● **What you are asked to do**: Pull out the lines from the one containing "Photo 6 from" through the final line of the listing below and repeat them exactly. Leave the pictures behind.

─── Records ───

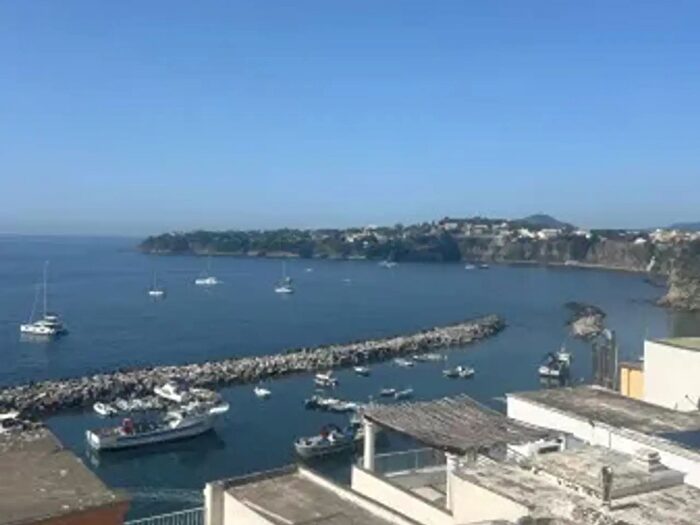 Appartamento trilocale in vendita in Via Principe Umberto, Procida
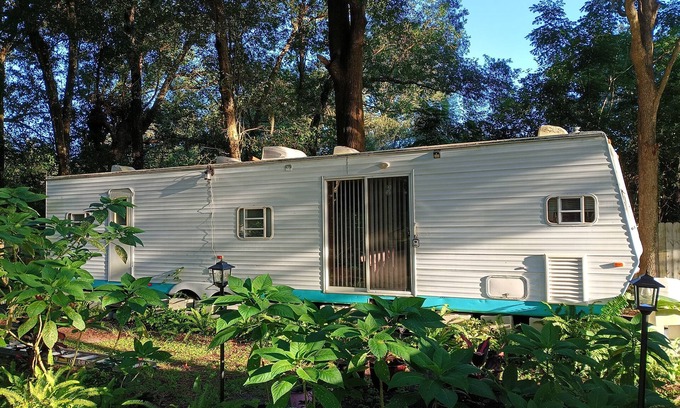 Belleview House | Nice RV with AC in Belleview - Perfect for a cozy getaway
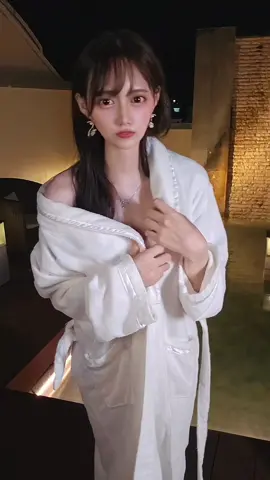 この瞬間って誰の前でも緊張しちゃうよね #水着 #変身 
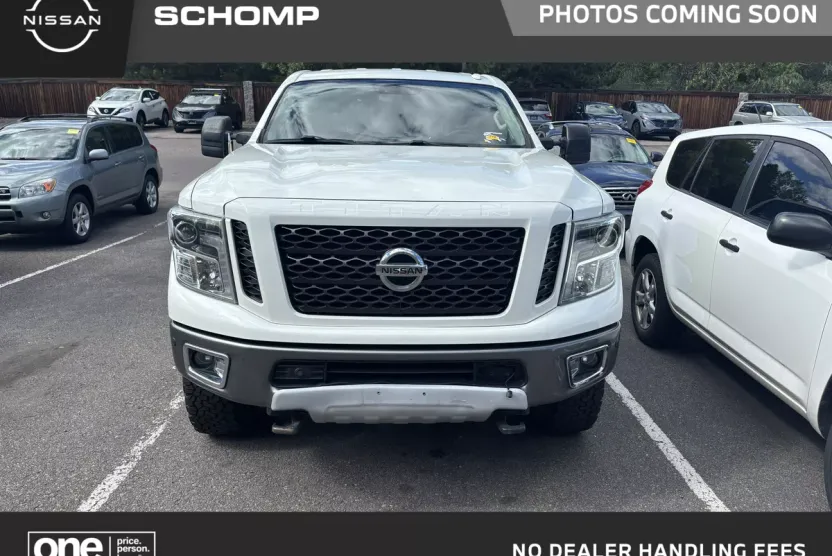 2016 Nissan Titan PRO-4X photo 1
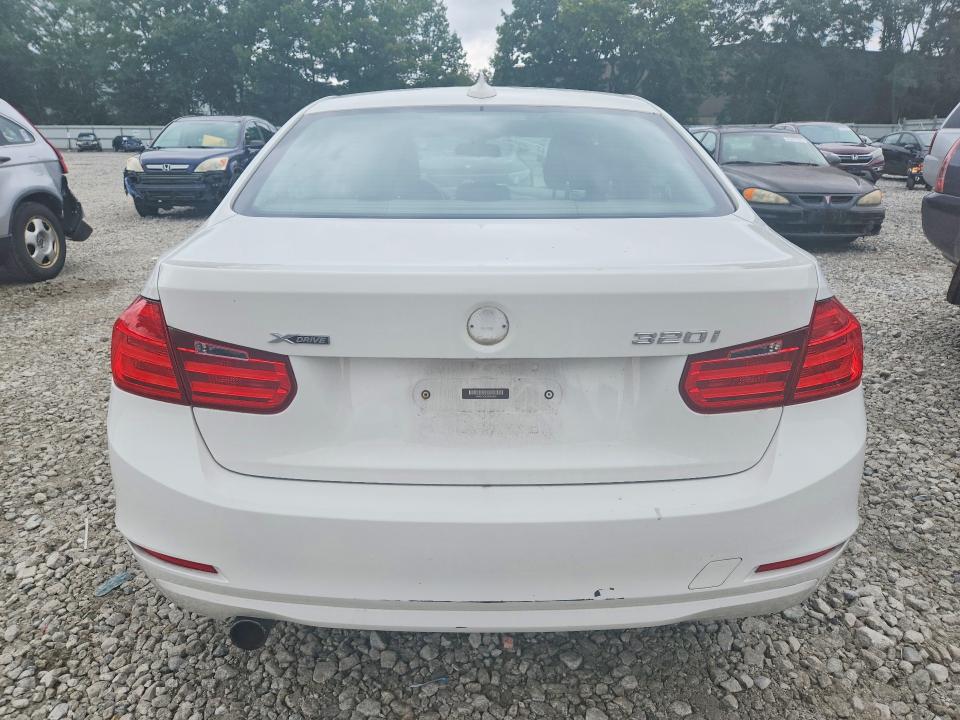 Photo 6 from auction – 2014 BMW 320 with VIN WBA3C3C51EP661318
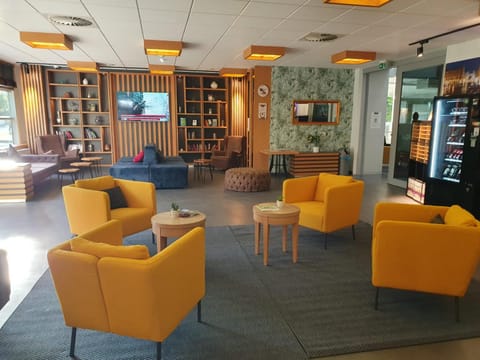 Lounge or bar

───

● **Reply**:
 Photo 6 from auction – 2014 BMW 320 with VIN WBA3C3C51EP661318
 Lounge or bar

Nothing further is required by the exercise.